• [TASK] Please output every entry below precisely as written.

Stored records
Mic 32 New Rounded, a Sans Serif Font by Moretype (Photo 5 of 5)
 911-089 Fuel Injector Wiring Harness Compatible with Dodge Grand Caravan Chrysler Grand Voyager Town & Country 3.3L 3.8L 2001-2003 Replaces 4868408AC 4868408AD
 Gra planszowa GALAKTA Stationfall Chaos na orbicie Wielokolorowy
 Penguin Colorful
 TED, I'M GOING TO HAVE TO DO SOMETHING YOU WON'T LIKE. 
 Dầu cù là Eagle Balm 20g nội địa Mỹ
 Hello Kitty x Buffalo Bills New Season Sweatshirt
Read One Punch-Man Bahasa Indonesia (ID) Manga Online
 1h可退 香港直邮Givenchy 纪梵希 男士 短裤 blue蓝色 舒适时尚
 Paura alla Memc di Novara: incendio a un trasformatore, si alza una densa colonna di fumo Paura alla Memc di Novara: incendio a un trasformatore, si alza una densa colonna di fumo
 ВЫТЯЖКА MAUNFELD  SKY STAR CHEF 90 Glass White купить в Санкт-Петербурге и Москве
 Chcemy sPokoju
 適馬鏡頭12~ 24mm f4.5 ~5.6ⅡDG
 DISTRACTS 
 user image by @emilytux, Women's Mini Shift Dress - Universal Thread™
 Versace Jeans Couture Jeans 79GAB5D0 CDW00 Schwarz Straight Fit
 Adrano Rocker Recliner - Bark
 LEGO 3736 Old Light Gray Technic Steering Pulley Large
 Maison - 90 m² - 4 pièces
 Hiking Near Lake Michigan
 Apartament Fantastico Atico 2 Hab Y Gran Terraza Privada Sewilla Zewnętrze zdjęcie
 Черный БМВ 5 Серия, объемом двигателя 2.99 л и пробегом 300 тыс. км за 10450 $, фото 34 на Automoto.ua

• [YOUR SOLUTION]
Mic 32 New Rounded, a Sans Serif Font by Moretype (Photo 5 of 5)
 911-089 Fuel Injector Wiring Harness Compatible with Dodge Grand Caravan Chrysler Grand Voyager Town & Country 3.3L 3.8L 2001-2003 Replaces 4868408AC 4868408AD
 Gra planszowa GALAKTA Stationfall Chaos na orbicie Wielokolorowy
 Penguin Colorful
 TED, I'M GOING TO HAVE TO DO SOMETHING YOU WON'T LIKE. 
 Dầu cù là Eagle Balm 20g nội địa Mỹ
 Hello Kitty x Buffalo Bills New Season Sweatshirt
Read One Punch-Man Bahasa Indonesia (ID) Manga Online
 1h可退 香港直邮Givenchy 纪梵希 男士 短裤 blue蓝色 舒适时尚
 Paura alla Memc di Novara: incendio a un trasformatore, si alza una densa colonna di fumo Paura alla Memc di Novara: incendio a un trasformatore, si alza una densa colonna di fumo
 ВЫТЯЖКА MAUNFELD  SKY STAR CHEF 90 Glass White купить в Санкт-Петербурге и Москве
 Chcemy sPokoju
 適馬鏡頭12~ 24mm f4.5 ~5.6ⅡDG
 DISTRACTS 
 user image by @emilytux, Women's Mini Shift Dress - Universal Thread™
 Versace Jeans Couture Jeans 79GAB5D0 CDW00 Schwarz Straight Fit
 Adrano Rocker Recliner - Bark
 LEGO 3736 Old Light Gray Technic Steering Pulley Large
 Maison - 90 m² - 4 pièces
 Hiking Near Lake Michigan
 Apartament Fantastico Atico 2 Hab Y Gran Terraza Privada Sewilla Zewnętrze zdjęcie
 Черный БМВ 5 Серия, объемом двигателя 2.99 л и пробегом 300 тыс. км за 10450 $, фото 34 на Automoto.ua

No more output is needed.